Mental Illness Cited in Challenge to Terror Case
By BENJAMIN WEISER
Lawyers for an Iranian-American man charged in a 2011 plot to assassinate Saudi Arabia’s ambassador to the United States asked a judge in Manhattan on Monday to order the suppression at trial of statements their client made during interrogation on the ground that he was suffering from serious mental illness, a new court filing shows.
In the filing, two experts retained by the defense each said they had diagnosed bipolar disorder in the defendant, Mansour J. Arbabsiar, a former used-car salesman from Corpus Christi, Tex., who was arrested last fall at Kennedy Airport and was said to have confessed to his role in the plot during the first 12 days he was in custody.
The filing was part of a heavily redacted motion asking Judge John F. Keenan of Federal District Court to dismiss all charges.
Prosecutors have said Mr. Arbabsiar “knowingly and voluntarily” waived his rights to remain silent, to have a lawyer present and to be quickly taken before a judge. But the filing shows the defense will challenge whether those decisions were voluntary.
Dr. Michael B. First, a professor of clinical psychiatry at Columbia University, said he had concluded that Mr.
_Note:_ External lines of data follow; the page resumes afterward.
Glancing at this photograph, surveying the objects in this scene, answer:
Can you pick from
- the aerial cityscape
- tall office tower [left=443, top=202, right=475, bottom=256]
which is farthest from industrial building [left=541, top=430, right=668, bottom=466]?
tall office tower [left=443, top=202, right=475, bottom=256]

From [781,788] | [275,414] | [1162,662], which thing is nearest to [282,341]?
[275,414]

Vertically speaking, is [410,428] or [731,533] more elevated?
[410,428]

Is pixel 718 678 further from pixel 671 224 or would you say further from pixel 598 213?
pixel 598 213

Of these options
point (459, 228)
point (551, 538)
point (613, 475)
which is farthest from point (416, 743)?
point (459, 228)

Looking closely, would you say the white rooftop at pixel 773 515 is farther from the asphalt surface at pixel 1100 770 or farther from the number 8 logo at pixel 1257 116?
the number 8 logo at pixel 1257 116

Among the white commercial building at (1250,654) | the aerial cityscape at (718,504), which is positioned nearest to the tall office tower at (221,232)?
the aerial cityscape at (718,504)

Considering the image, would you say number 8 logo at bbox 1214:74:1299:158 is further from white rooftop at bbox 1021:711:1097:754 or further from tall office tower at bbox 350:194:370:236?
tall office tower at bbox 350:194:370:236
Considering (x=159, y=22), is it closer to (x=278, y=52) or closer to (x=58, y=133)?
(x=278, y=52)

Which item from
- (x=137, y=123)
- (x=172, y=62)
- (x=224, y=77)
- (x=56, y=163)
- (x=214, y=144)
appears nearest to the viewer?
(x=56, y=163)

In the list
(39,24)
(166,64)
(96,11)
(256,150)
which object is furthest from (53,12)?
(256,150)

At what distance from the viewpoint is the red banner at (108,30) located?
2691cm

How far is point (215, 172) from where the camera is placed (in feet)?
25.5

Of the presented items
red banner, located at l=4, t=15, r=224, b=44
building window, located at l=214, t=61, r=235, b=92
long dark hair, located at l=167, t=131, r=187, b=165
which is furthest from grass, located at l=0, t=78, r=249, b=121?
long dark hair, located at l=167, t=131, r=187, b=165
Arbabsiar “was likely cycling in and out of manic episodes during the period” of his interrogation. Professor First said he had examined Mr. Arbabsiar several times at the Metropolitan Correctional Center, where he is being held pending trial.
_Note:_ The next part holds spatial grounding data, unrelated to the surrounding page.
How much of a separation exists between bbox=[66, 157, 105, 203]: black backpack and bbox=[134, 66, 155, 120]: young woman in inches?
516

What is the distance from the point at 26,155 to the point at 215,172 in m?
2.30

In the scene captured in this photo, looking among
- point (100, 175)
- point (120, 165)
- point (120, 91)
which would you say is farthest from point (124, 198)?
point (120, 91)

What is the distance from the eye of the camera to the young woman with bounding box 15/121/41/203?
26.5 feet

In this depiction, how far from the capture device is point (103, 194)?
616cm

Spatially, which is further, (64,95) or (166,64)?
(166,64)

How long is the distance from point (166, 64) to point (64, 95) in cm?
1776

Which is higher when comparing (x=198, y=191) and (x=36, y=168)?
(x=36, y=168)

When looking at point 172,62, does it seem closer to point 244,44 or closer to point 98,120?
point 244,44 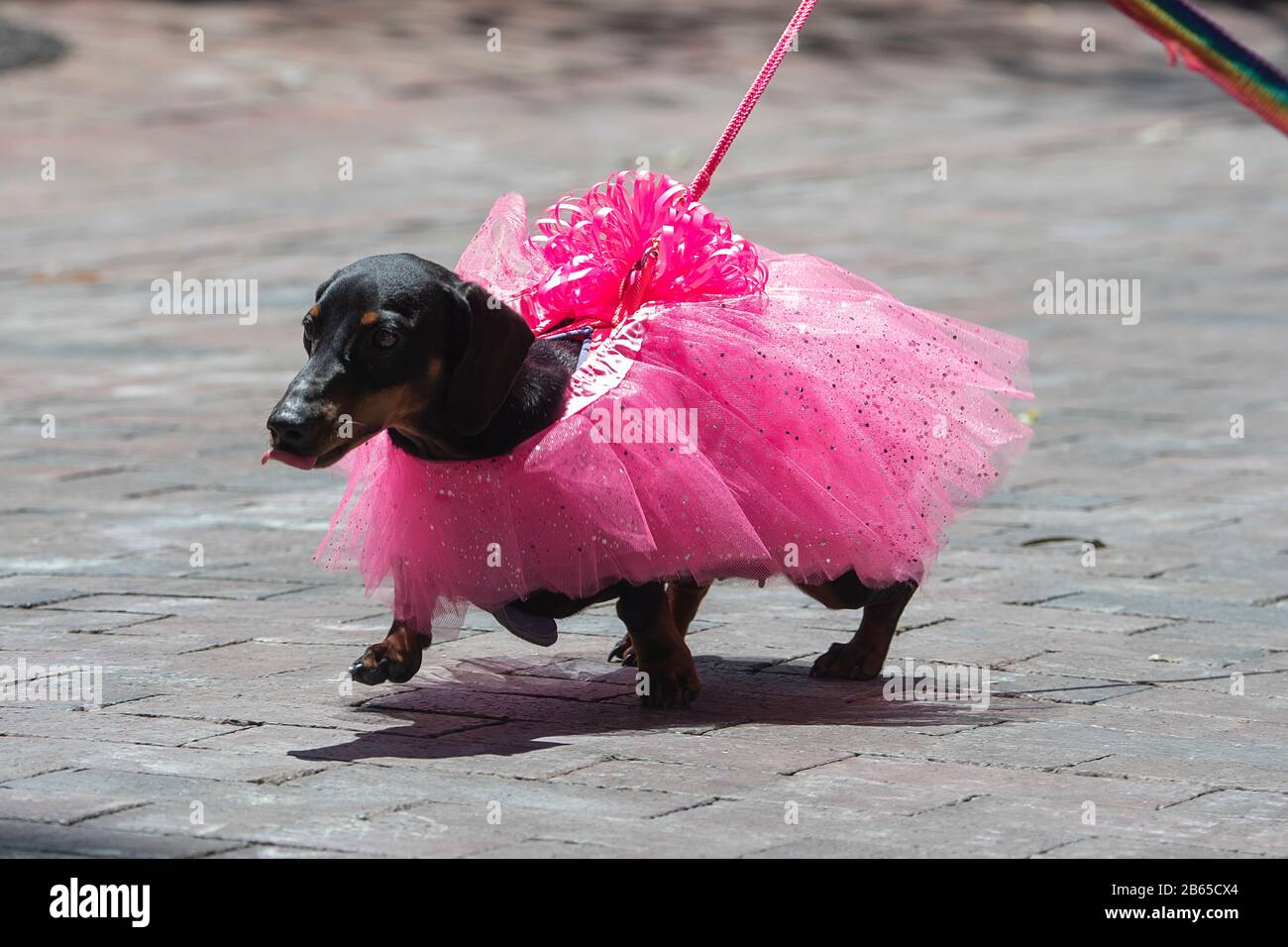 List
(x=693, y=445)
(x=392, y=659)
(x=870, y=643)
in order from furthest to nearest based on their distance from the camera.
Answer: (x=870, y=643)
(x=392, y=659)
(x=693, y=445)

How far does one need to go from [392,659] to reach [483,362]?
655mm

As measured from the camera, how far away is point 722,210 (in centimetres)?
1243

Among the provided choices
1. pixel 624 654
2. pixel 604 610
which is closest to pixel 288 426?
pixel 624 654

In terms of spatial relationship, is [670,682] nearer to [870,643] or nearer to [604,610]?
[870,643]

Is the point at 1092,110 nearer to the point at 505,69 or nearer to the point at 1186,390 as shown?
the point at 505,69

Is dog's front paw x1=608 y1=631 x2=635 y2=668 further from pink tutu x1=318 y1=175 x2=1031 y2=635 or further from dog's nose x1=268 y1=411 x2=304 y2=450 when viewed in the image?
dog's nose x1=268 y1=411 x2=304 y2=450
“Because I believe that Mr. Arbabsiar was suffering from episodes of mania while he was being questioned by the F.B.I.,” Professor First wrote, “there are serious questions as to whether any decisions made by him during this period were made rationally, with a full understanding of the consequences. Indeed, it is likely that his decisions were influenced, at least in part, by his mental illness.”
He said individuals with bipolar disorder who are in a manic state often “display feelings of invincibility and grandiosity,” and such feelings “may cause them to enter into agreements that they would not otherwise enter into.”
The second expert, Dr. Joel E. Morgan, a clinical neuropsychologist in private practice in Madison, N.J., said an M.R.I. of Mr. Arbabsiar’s brain “indicated abnormalities.”
Mr. Arbabsiar’s lawyers and prosecutors declined to comment.